Nicolette Grams writes in The Atlantic:
With parents dead, government offices demolished, and international aid organizations struggling to meet life-or-death demands, these kidnappers are in a unique position to snatch children with very little interference.
In Haiti, as in India, human trafficking is a problem at the best of times. Even without the pandemonium unleashed by a 7.0 earthquake, an estimated quarter-million Haitian children are trafficked within the country each year. These slaves, known as restavecs, are typically sold or given away to new families by their own impoverished parents. Physical and sexual abuse is common for restavecs. Many owners use the girls as in-house prostitutes, sending them to live on the street if they become pregnant.
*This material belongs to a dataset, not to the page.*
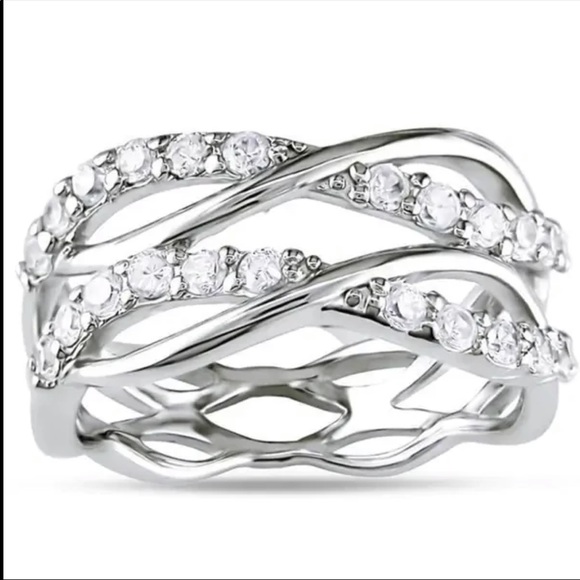 New 925 Silver Multi Layer Weave Diamond Ring 💍 - Picture 4 of 5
In addition to concerns about trafficking, some advocates warn that intact families will be broken up if proper procedures are not in place:
Children’s advocacy groups have warned against new procedures instilled in the face of an emergency, saying recent natural disasters, particularly the Kashmir earthquake in 2005, created a free-for-all in which thousands of infants were rounded up and airlifted to nations without their family background being properly checked.
“While both airlifts and new adoptions are based on valid concerns and come from an obviously loving heart, neither option is considered viable by any credible child welfare organisation,” said the Joint Council on International Children’s Services, a US advocacy group. “Bringing children into the US either by airlift or new adoption during a time of national emergency can open the door for fraud, abuse and trafficking.”